Beasters......now I see why you add everything and anything.
And your statement about Kush shows your knowledge of strains and growing techniques is limited.

My turn....lolerz!


----------



## pcduck

Is :confused2: :confused2: to me with additives, so I just stick to the GH 3 part and the proper Ph and it works great for me.:aok::bolt::bong2:


----------



## Budders Keeper

I've been growing the same strain without dryKB for 5 harvests...growstoredude gave me some to try this round so i will soon see.  Should be quite obvious to me if there is a difference cause the last three harvests of this strain have pretty much been identical.  got about 3wks to go on my next harvest,so i'll let ya know.  been adding it for 2wks now and havent noticed any difference yet...but with dryKB maybe it's the last week when the buds "increase in size and weight"


----------



## White Widow

lolerz once again. Koolbloom ... notice in the add you posted it mentionned essential oils??? twice, and the weight gain my so confused friend is not from gerth!!!! It's once again from density!!!! Do you know the difference???? Talk **** all you want, diss me even, but the fact still remains that what I wrote is 100% true and your (MindzEye) ignorant and to top it off a bully for trying to "Question my sexuality", which might I add has nothing to do with this which in turn prooves how insecure you really are. It's funny, because I don't speak like you, you have to talk trash about me to make yourself feel bigger. wow, your such a tough guy! lolerz

About no one knows (in this topic, to the point that I posted) what koolbloom is. Yeah it is a big comment ... Which I felt was true. If you knew about it, specificaly, then you would have discussed the same points I did.... which are factual. lolz you even need to go to the site to quote them on it, that' how much you knew very little about it.

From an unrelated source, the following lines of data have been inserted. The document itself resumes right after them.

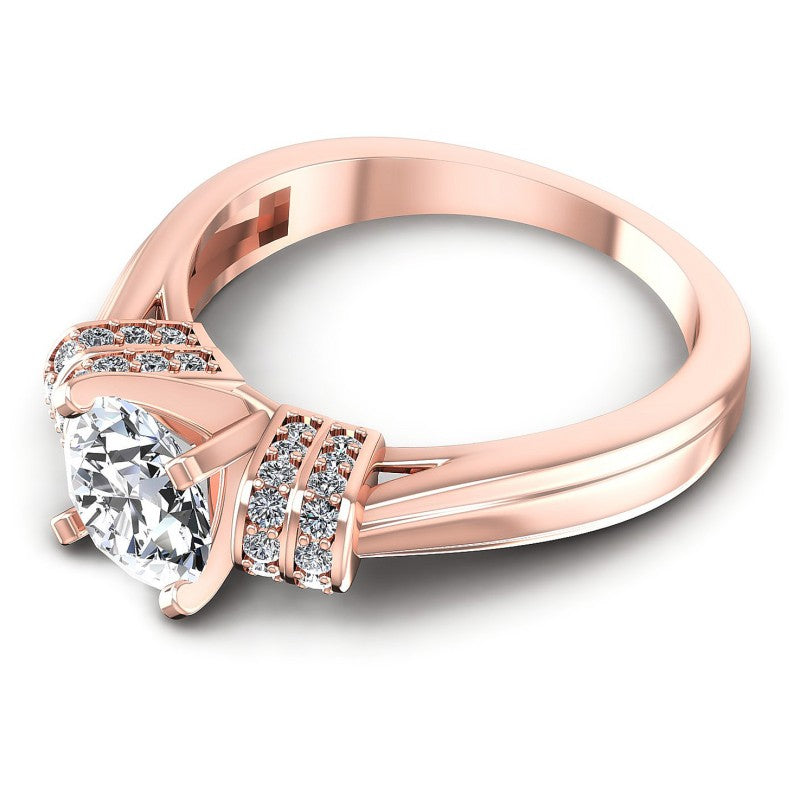 Round Diamonds 0.65CT Engagement Ring in 18KT Rose Gold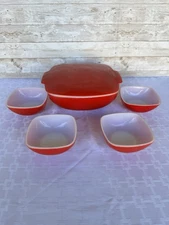 Vintage Pyrex Red Hostess Set with Lid – 1 Large + 4 Bowls MCM Chipped Lid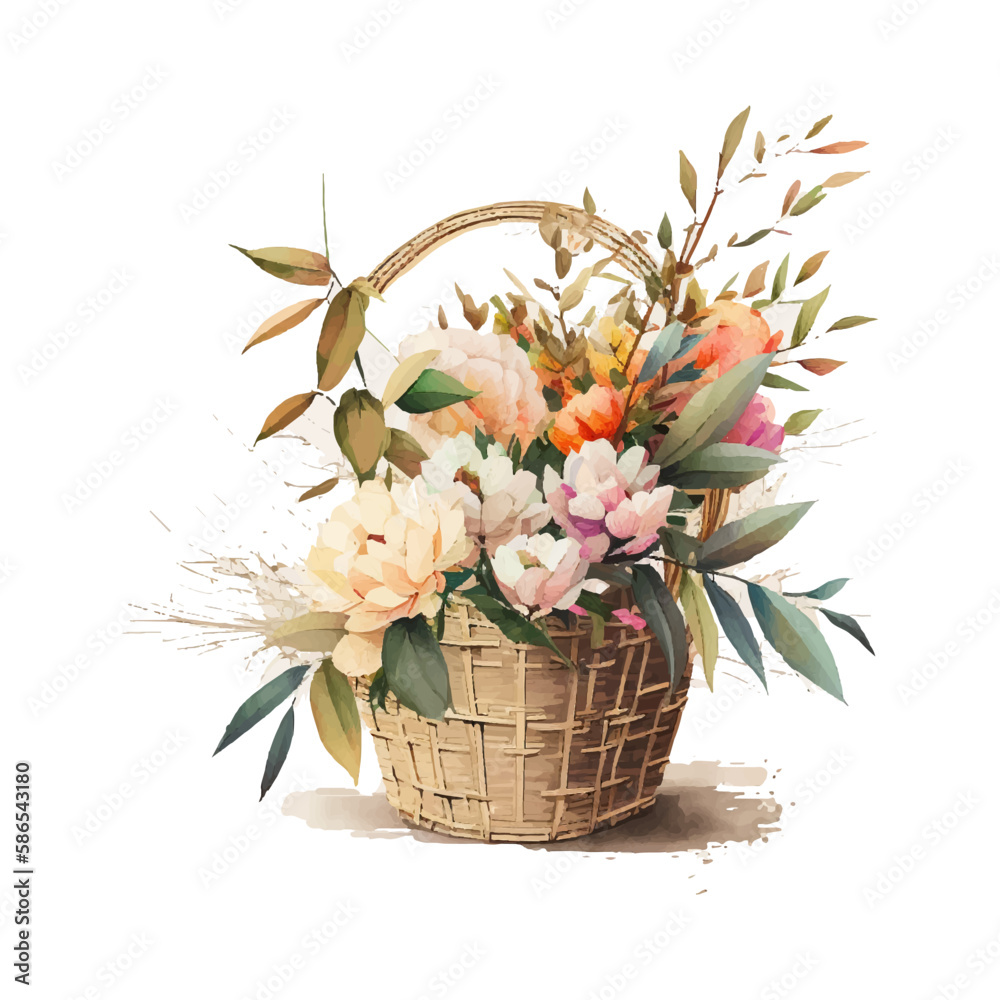 Watercolor Flowers Clipart vector, Easter Basket Png, Spring Floral ...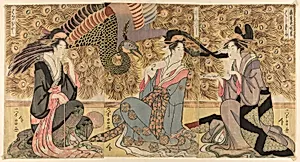 A parody of courtesans on display at the Ogiya (Ogiya mise yatsushi)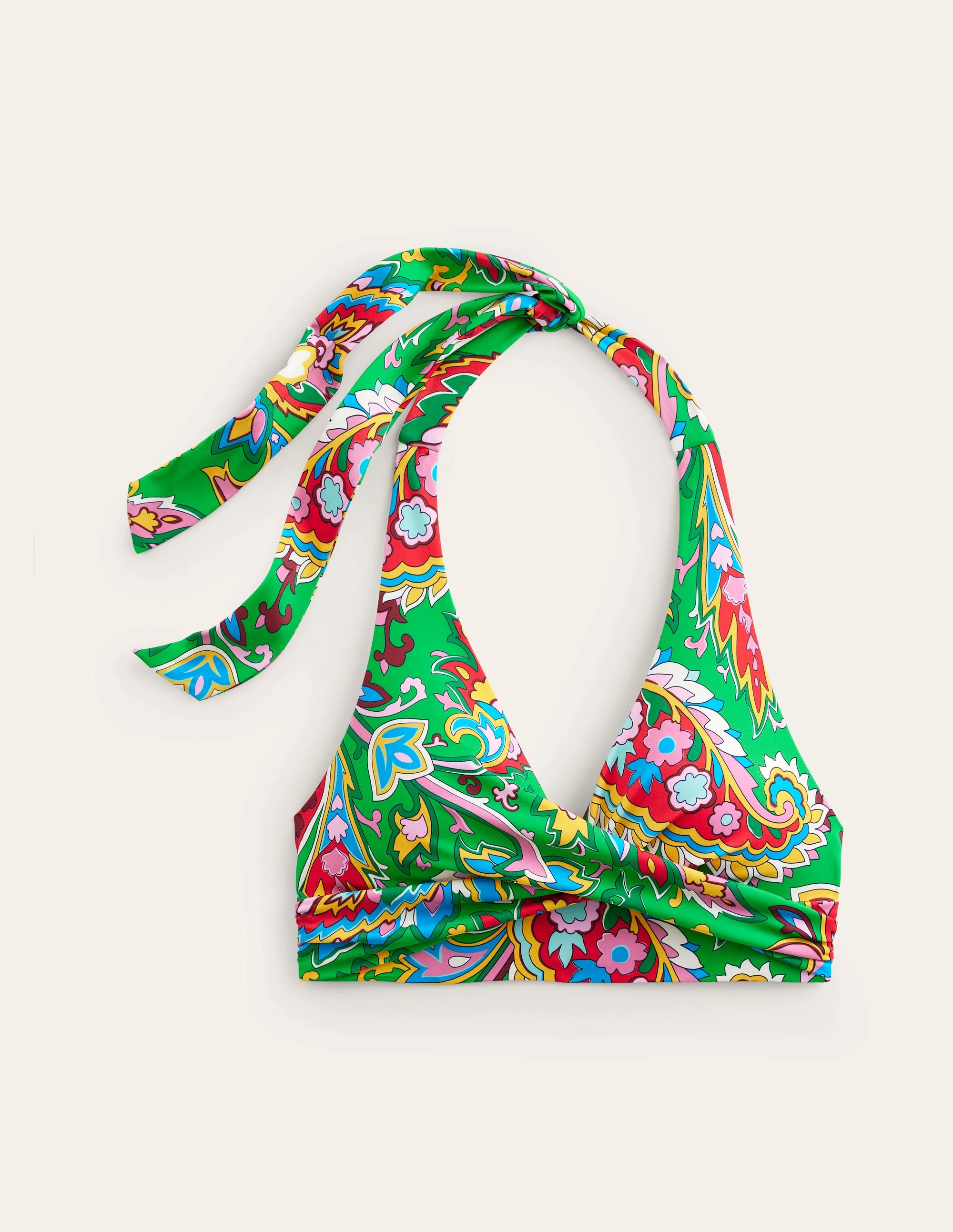 Levanzo Neckholder-Bikinioberteil-Kelly Grün, Paisley Azurblau - Image 5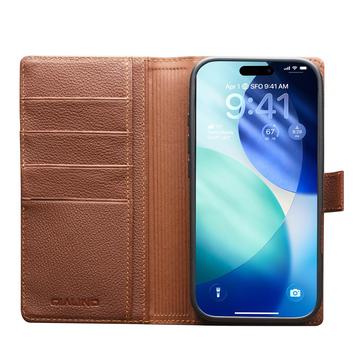 iPhone 17 Pro Qialino 2-i-1 aftagelig pung læderetui - MagSafe-kompatibel - Brun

Come to think of it... It's kind of ignorant of me to say that and generalize. I appologize for that but my point is if you knew why didn't you give the right information?

*Everything in this forum is oppinion ... NOT fact, take what you want with a grain of salt and leave the rest I guess. As for listening to MindzEye, I would probably kill myself first because his insecurities show right up front for such a tough guy behind a keyboard ROFL ROFL ROFLMAO (A few new ones for you) lolerz! * The only real information you can really rely on is your own findings in your own environment. Every situation (because of all the different variables) are different.


----------



## Super Silver Haze

im curious to see the results.


----------



## Growdude

White Widow said:
			
		

> the weight gain my so confused friend is not from gerth!!!! It's once again from density!!!! Do you know the difference????



Taken from the GH site on Koolbloom

"Liquid KoolBloom should be used at the start of the reproductive cycle initiating *larger*, heavier fruits and flowers. During the last two weeks, use Dry KoolBloom for an additional bloom boost and to facilitate ripening."

Larger is girth.


----------



## GrowinGreen

White Widow said:
			
		

> lolerz


It is little juveniles like you that make me sad to be apart of this generation, with your stupid little lolerz comments. Do you think anyone takes you serious when you write like a 12 year old. IT IS *GIRTH *FOR GODSAKES! GERTH IS NOT A WORD!

And FYI- there are 2 different products a liquid and a dry and they both do different things. Go read.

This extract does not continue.